We tried to take a short cut to cut home one day, but instead spent 3 hours wandering around miles of shops and winding alleyways marveling at the sheer amount and variety of products Istanbul had to offer. Let’s start with the Grand Bazaar, a beautiful old building housing a bazaar that is hundreds of years old. It housed the usual fair: carpets, scarves, luggage, jewelry, etc. Then there were the clothes dealers outside, again fairly mundane…just a lot of knockoff name brand products. Ah, but then we entered the streets and were dazzled with an array of products. We walked through the four blocks of kitchen supplies, rounded the corner and walked through the battery and cell phone two blocks. Cell phones are boring, so we turned right (after it took us 45 minutes to locate our tour office when we were only 1 block away, we started to use Michelle’s compass that she got free in Hong Kong with her backpack to guide us) and walked up an alleyway to a store. Inside the store, we saw an array of cheap crap that would put even a Walmart-sized Dollar Tree to shame.

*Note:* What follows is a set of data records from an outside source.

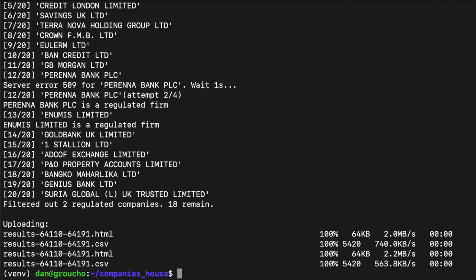You can see that two of the companies here — Renner and Numis — are real regulated firms. I can see straight away on this list there's another company, Property Accounts Limited, that isn't a bank but is a real company related to P&O, owned ultimately by Dubai World. All the rest of those I believe are frauds, and we write about them in a bit more detail on our website.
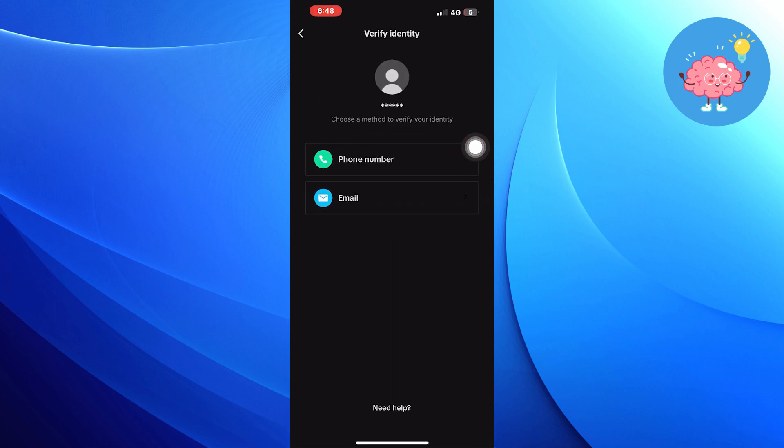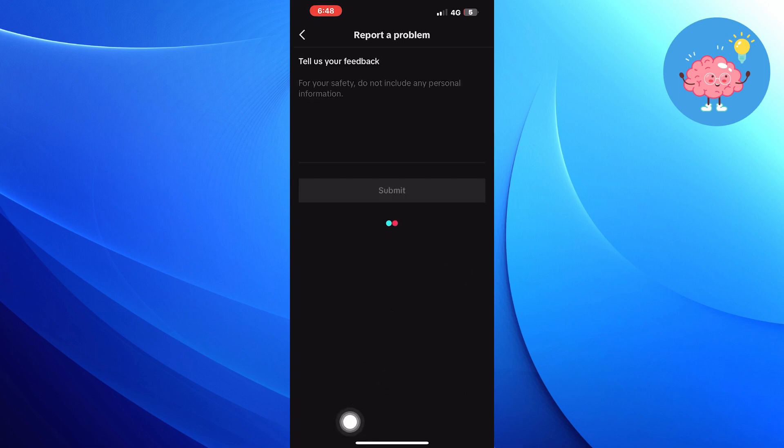Choose a method to verify your identity. As phone number or email, click on the need help button. Then submit your feedback here.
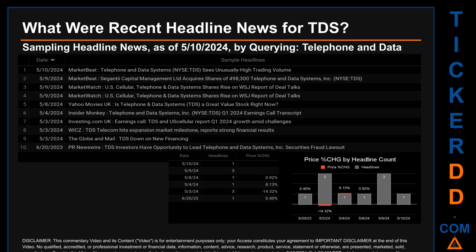The second day with the most headlines was Friday, May 3rd, 2024. First, Investing.com UK published: 'Earnings call: TDS and U.S. Cellular report Q1 2024 growth amid challenges.' Second, WICZ published: 'TDS Telecom hits expansion market milestone, reports strong financial results.' Third, The Globe and Mail published: 'TDS down on new financing.' Correlated or not, the stock price on those publication dates saw a drop of minus 14.32% comparing the day's opening versus closing price. The latest publication date of May 10th, 2024 saw the highest percentage change in price, with a jump of 8.13%.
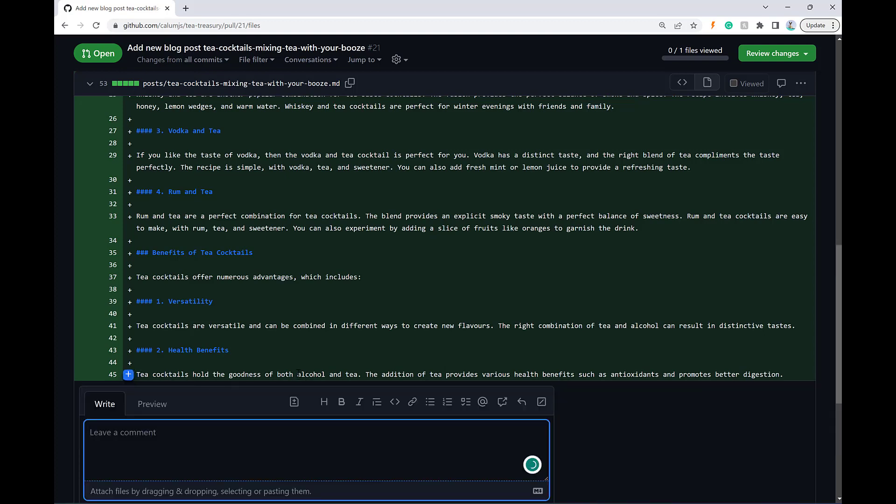So let's say what are the health benefits of alcohol? Either explain this point or remove it.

From plastic Sponge Bob square pants toys to Chinese children cartoon pinups, junk spilled into every hallway of the seven floor complex. Feeling overwhelmed with so much useless stuff, we ventured through the building assuming that surely there would be another way out…either for fire code purposes or just out of the logic that no one would willingly take the route we took just to look at this stuff. But alas, the hallways just got smokier and smokier (if there had been a canary, it would have already died and been added to the piles of toys with no one noticing) and we were forced to backtrack. Back through the cell phones we got to the Viagra and Cialis section. Seriously. Multiple people selling nothing but sex-life enhancing drugs on the street for about a block. Then came guns; handguns, rifles, shotguns, and hunting supplies followed by suitcases. As if to protect you from the Viagra popping, handgun wielding, angry man who bought a suitcase to hold all of the useless crap he bought while trying to find his way out of the junk store, the next block had AT LEAST ten stores that sold ONLY evil eye charms. Nothing else. These weren’t jewelry stores and they weren’t religious items stores. They sold only evil eye pendants (not even fancy ones).
We finally saw our way out of the labyrinth of markets through the blocks of toy stores and a block of clothing button sellers.
It took us hours to navigate the streets of Istanbul, but two pieces of baklava and a bowl of bean soup later, we would have done it all again. This time, though, perhaps we might have found the holy grail…or at least a block of stores specializing in them.